Task requirements:
Each line of the data below from the one holding "collectible Belleek Autumn" to the one holding "2 PCS Aromatherapy", inclusive, is to be reproduced exactly; no other line belongs in the answer.

Excerpted data:
________________________
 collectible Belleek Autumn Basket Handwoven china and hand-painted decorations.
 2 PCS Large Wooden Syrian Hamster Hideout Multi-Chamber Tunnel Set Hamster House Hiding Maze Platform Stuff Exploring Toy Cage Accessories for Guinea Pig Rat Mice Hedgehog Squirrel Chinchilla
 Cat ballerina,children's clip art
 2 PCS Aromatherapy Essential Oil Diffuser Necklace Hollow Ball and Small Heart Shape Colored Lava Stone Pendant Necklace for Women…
________________________
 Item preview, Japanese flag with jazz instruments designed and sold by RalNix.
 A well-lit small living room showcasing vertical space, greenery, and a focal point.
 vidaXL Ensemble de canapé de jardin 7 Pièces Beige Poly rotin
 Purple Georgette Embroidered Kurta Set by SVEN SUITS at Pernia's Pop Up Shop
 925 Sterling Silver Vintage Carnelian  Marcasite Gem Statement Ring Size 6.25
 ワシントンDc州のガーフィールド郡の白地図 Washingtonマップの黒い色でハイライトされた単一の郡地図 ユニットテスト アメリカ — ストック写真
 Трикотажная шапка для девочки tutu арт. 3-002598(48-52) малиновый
________________________
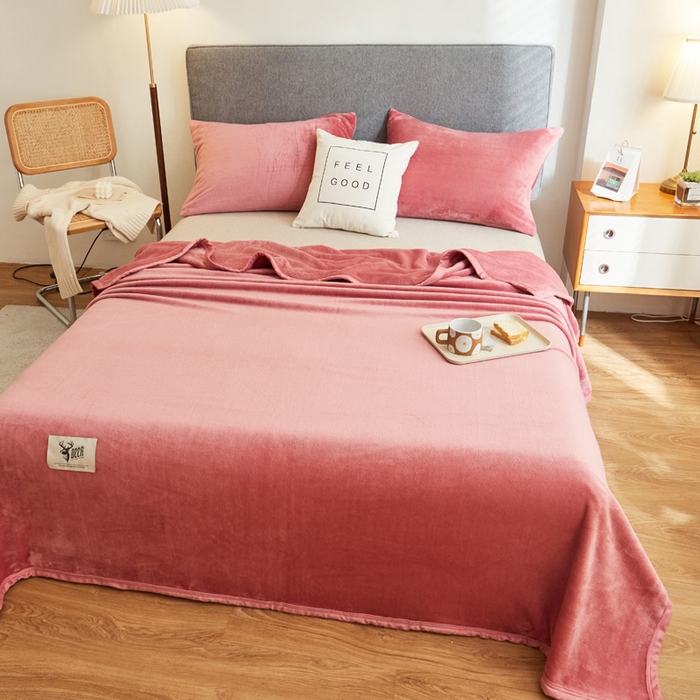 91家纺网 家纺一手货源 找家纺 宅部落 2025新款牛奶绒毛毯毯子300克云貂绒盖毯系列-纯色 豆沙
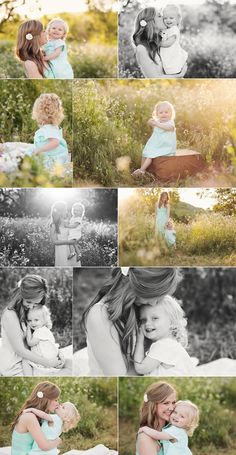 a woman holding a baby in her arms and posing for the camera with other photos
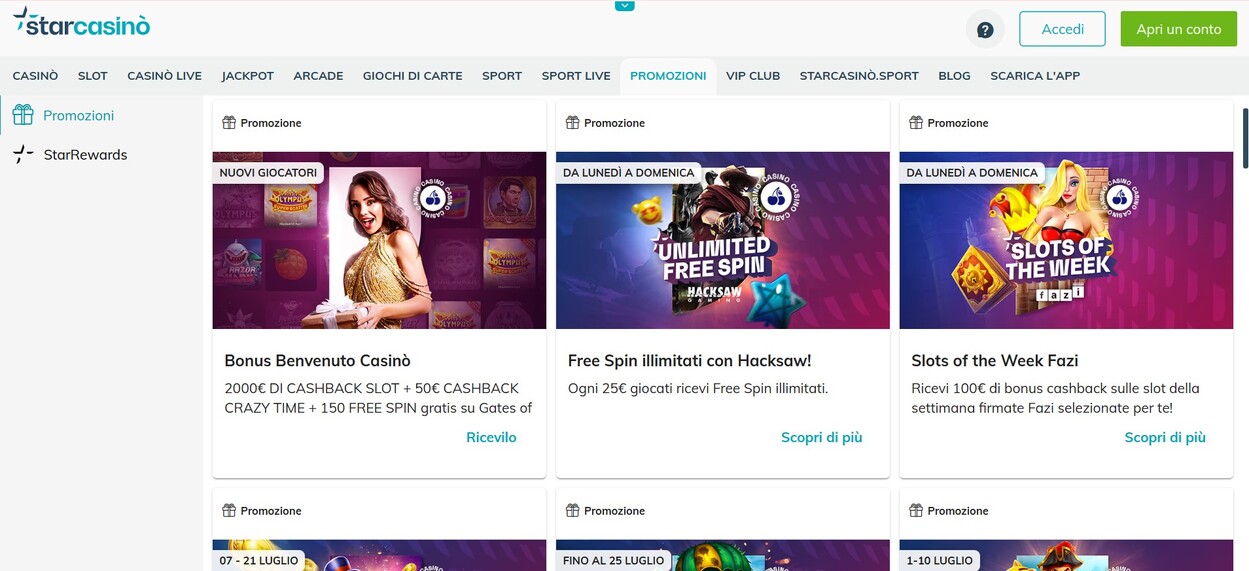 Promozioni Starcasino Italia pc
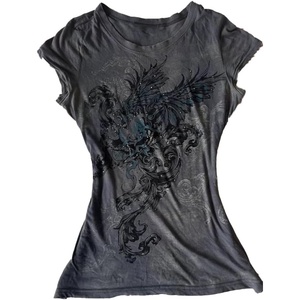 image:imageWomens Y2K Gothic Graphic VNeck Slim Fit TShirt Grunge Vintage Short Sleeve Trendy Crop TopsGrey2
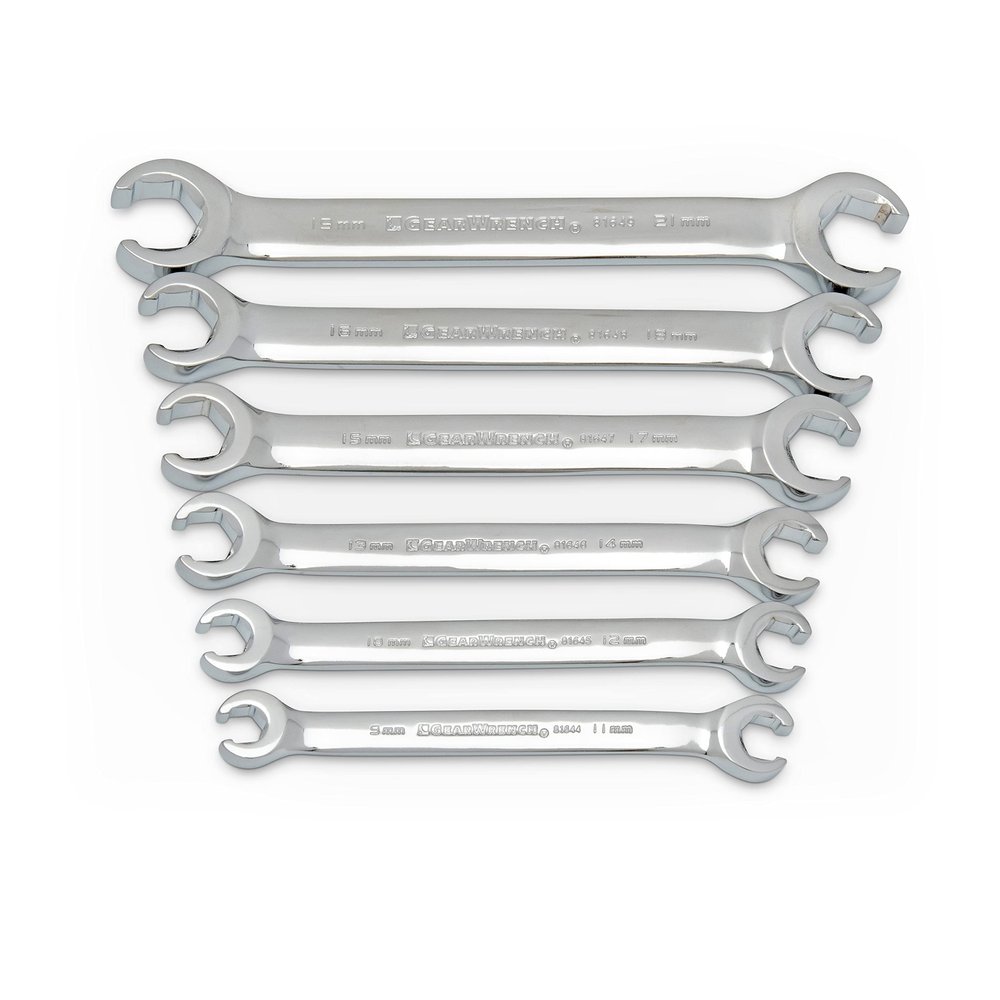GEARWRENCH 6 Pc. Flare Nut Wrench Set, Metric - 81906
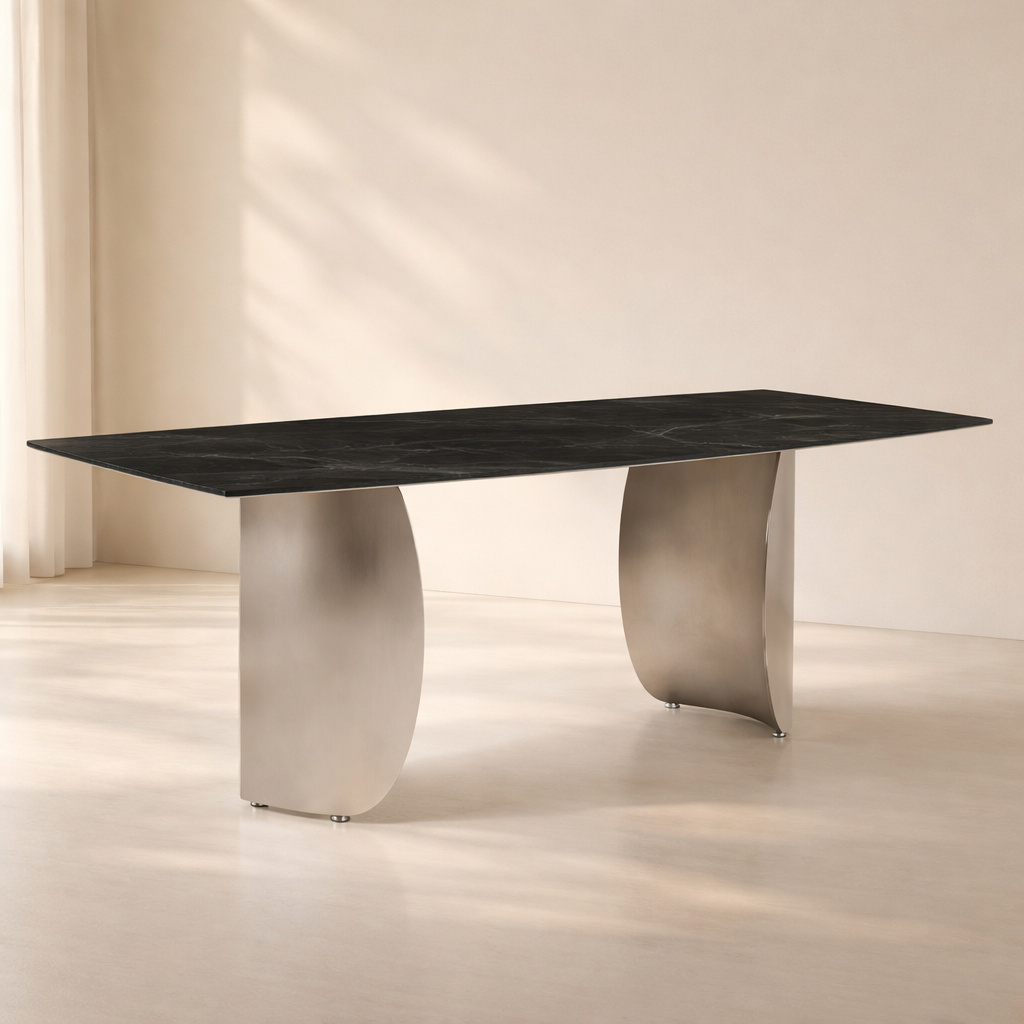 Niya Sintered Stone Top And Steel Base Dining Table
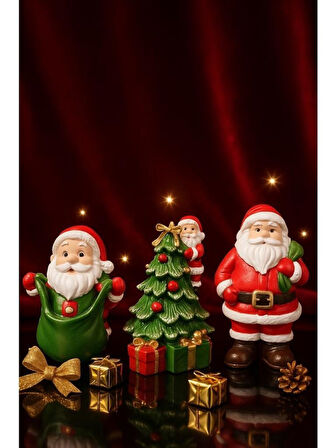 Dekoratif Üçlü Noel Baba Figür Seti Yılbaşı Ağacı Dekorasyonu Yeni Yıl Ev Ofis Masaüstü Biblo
________________________
Solution for this exercise:
 collectible Belleek Autumn Basket Handwoven china and hand-painted decorations.
 2 PCS Large Wooden Syrian Hamster Hideout Multi-Chamber Tunnel Set Hamster House Hiding Maze Platform Stuff Exploring Toy Cage Accessories for Guinea Pig Rat Mice Hedgehog Squirrel Chinchilla
 Cat ballerina,children's clip art
 2 PCS Aromatherapy Essential Oil Diffuser Necklace Hollow Ball and Small Heart Shape Colored Lava Stone Pendant Necklace for Women…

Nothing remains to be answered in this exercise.